I am almost done reading Jon Savage's 1966: The Year The Decade Exploded, an impressionistic look at the pop culture of that year in America and England. I've really enjoyed the book, which has had me going back and listening to lots of Motown and the sounds of Swinging London. He makes the point early on that 1966 was the last point where singles mattered more than albums in music. (Well, at least up to that point, since these days albums have been eclipsed, though just as much by streaming as by singles.) For instance, I know the Stones' singles by heart from 1964-1967, but I have little knowledge of their album tracks in that era. Pet Sounds in 1966 and Sgt Pepper in 1967 would really begin to change things, and the acts that had relied on killer singles would take a hit.
The Yardbirds were one of those bands, churning out barn-burners influenced heavily by Chicago blues, but with a youthful spirit and some original touches. (Just listen to the minor-key dirge "Still I'm Sad" for proof.) While Eric Clapton's name is much more well known than Jeff Beck's, Beck's entrance into the band and Clapton's departure coincided with a great leap forward in sound. The Yardbirds would push the bounds of the pop single to its limits, and explore new ground that other rock bands would soon grab for themselves.
"I'm A Man" is the fountainhead of something entirely new, even though it's a cover. The Bo Diddley original is one of his best, a slow-burner with a classic, much copied blues riff underneath it. He was much covered by British beat bands and for the very good reason that his songs have irresistible grooves that even rudimentary musicians can copy. The Yardbirds took it in a different direction, drastically increasing the tempo, giving it a straight, headlong crazy drive, like a train speeding down a mountainside. This version is all untamed youth and amphetamine, and that's before it gets really nuts.

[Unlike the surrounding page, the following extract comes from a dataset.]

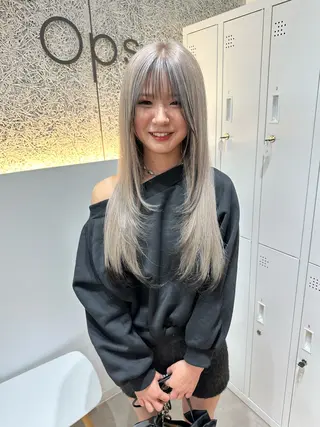ロング 佃 優音のヘアスタイル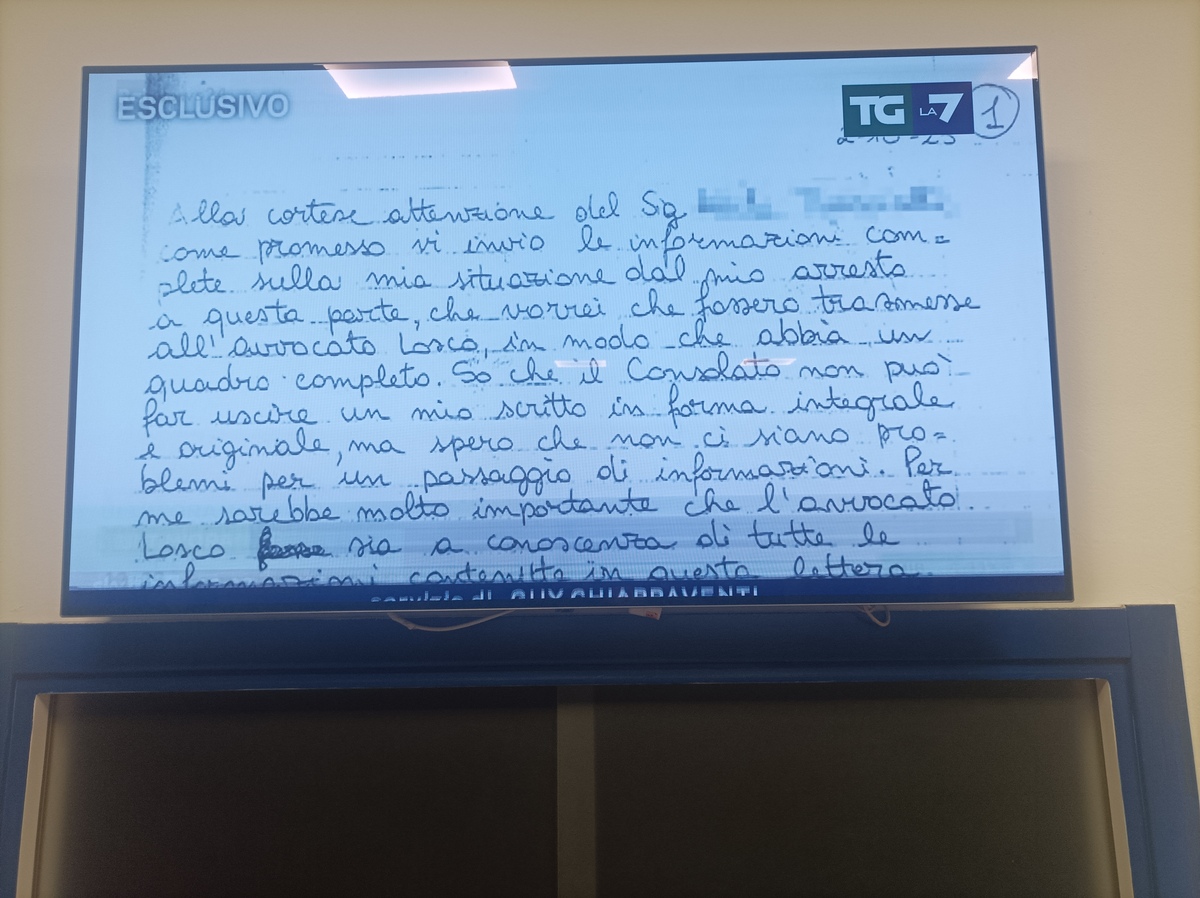Salis: “A colazione una fetta di salame, a pranzo una zuppa acquosa con peli” Salis: “A colazione una fetta di salame, a pranzo una zuppa acquosa con peli”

A minute and a half into the song comes one of the most important moments in rock history, the minute-long instrumental break that finishes the song. The guitars get louder and louder and the song gets faster and faster and faster until it comes crashing into a "whomp whomp wha-BAM!" blues ending. It is an exhilarating experience, and it's all over in less than three minutes. Later rock bands would go all the way, extending the breaks and the solos and the jams and making longer songs not meant to be played on the radio. The Yardbirds, recording this in 1965, had not broken that barrier yet, but they had shown the way.

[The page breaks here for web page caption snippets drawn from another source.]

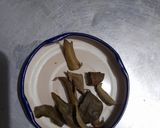A picture of step 2 of Fish ka Salan.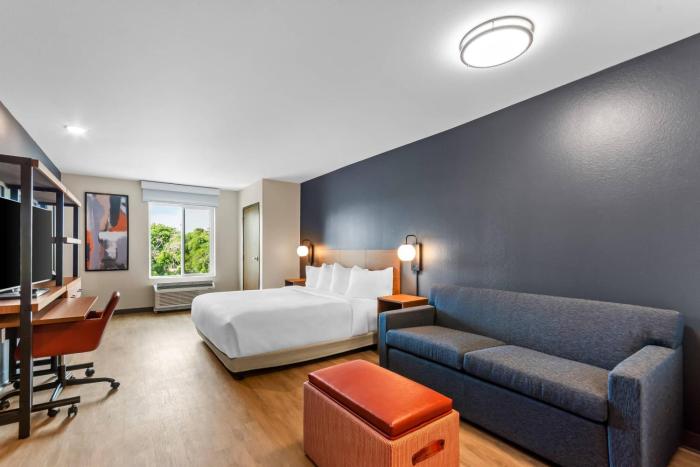 everhome suites panama city beach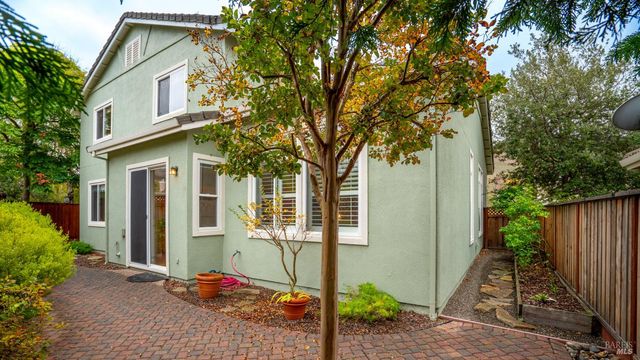 266 Cambridge Ln, Petaluma, CA 94952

Fittingly enough, in 1966 that band took in hotshot guitarist Jimmy Page, and after one failed album without the departed Beck morphed in "The New Yardbirds." Instead of that derivative name, they ended up going with "Led Zeppelin," and the rest was history. Zeppelin famously did not put out singles, and their magnum opus "Stairway To Heaven" was over seven minutes long (and never released as a single.) Nevertheless, it was the most requested song on 70s FM radio stations. It still gets overplayed on classic rock radio today, decades after mediocre stand-up comics mocked its ubiquity. You won't hear "I'm A Man" on any radio format, but it's the song I'd rather listen to.